In Greek mythology, Sisyphus was a king punished in Tartarus by being cursed to roll a huge boulder up a hill, only to watch it roll back down, and to repeat this throughout eternity. The word sisyphean means, according to the American Heritage Dictionary, “endless and unavailing, as labor or a task.” Sometimes we work so hard at writing our books, rolling them up the hill to be noticed by an agent or editor, excited to share our boulder with the world, only to have the thing roll back down as we watch in dismay—or, worse yet, as we get crushed underneath as it careens down the hill.

I’ve met a few writers who have had an easy course. Within months of writing their first book, contracts were in the mail. Without much effort, their books catapulted to best-seller status, and within a few years, their list of published credits matched the length of my daily to-do list. For we writers who have struggled the long haul to that golden ring, we fight feelings of unworthiness and envy. Perhaps we finally get our books published and chance upon a scathing review, or sales are disappointing. We finally got that boulder up on top of the hill for everyone to see, and then—more discouragement.

As someone who had to wait over twenty years for that first publishing contract, I consider myself an expert in discouragement. The flipside of that coin is persistence. Persistence either leads to determination or giving up. But the blessing of discouragement is closely tied to the writing craft. For, if my determination is continually renewed, my calling reaffirmed with each disappointment and rejection, along with it comes the drive to excel and improve my craft. I have found that my passion to reach out with my words grows more urgent with each year passing, and that translates in my writing as honesty, fervor, urgency, and compassion. I am forced to reflect on what I am writing and why. On how I am writing and to whom—and to what end. Perhaps, because of my personality and background, and my passion to reach and change hearts, God has seen fit to give me a season of discouragement as a way to mature and ripen my sensitivities and insights into human nature.

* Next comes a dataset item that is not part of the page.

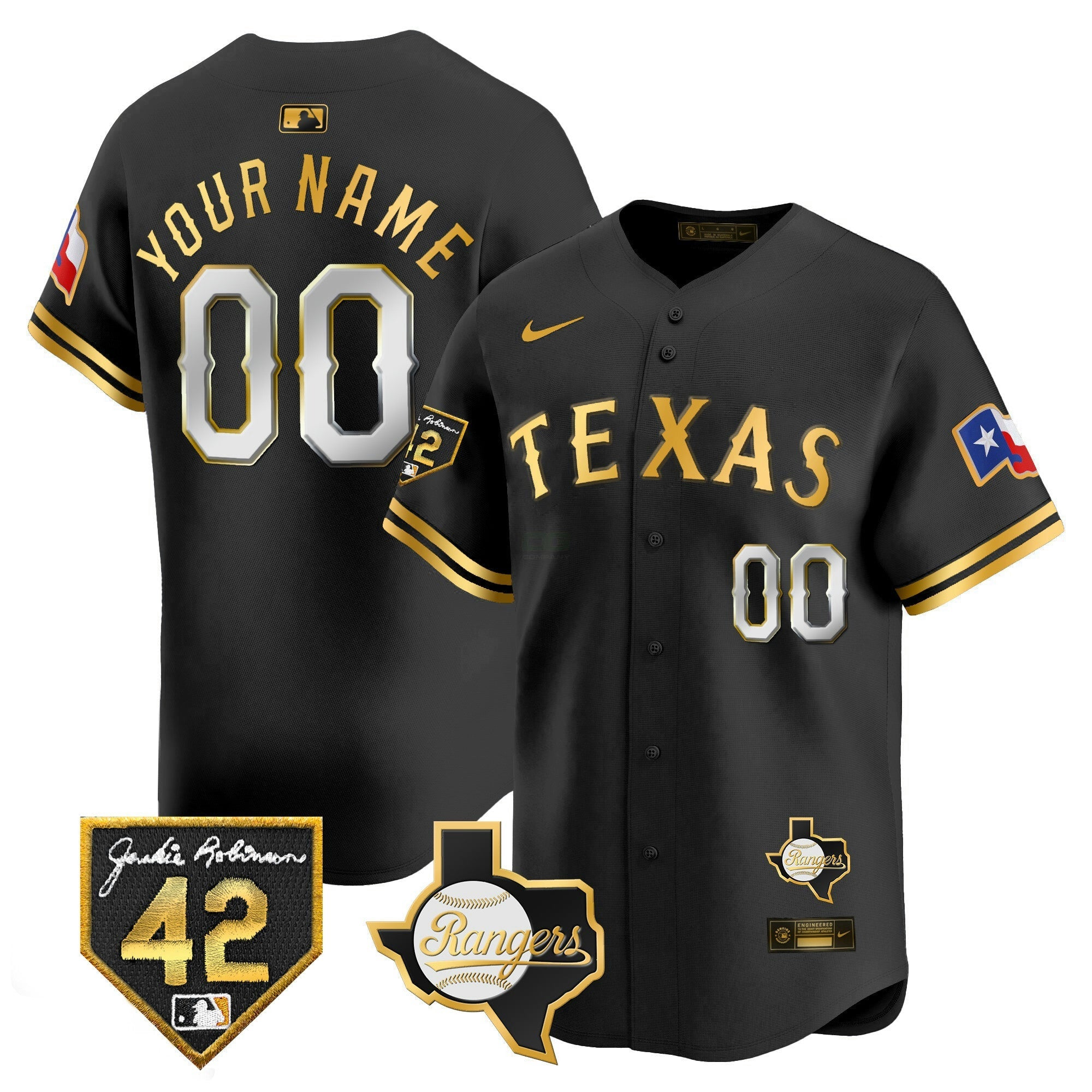 Camisa MLB Texas 2024 Jackie Robinson Patch Vapor Premier Limited Jersey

I have no doubt that discouragement has played a huge factor in my growing as a writer—not just personally, but in my craft.

May we all look at the boulder-rolling experience in a positive light—we gain strength from the effort, get a glimpse of what’s on top of the hill, and learn to sidestep the discouragement as it comes barreling at us. Eventually, after so many times of crashing down the hill, the boulder will wear down to a manageable size—perhaps one day ending up a pebble we can carry in our pocket as we take in the glorious view from the heights.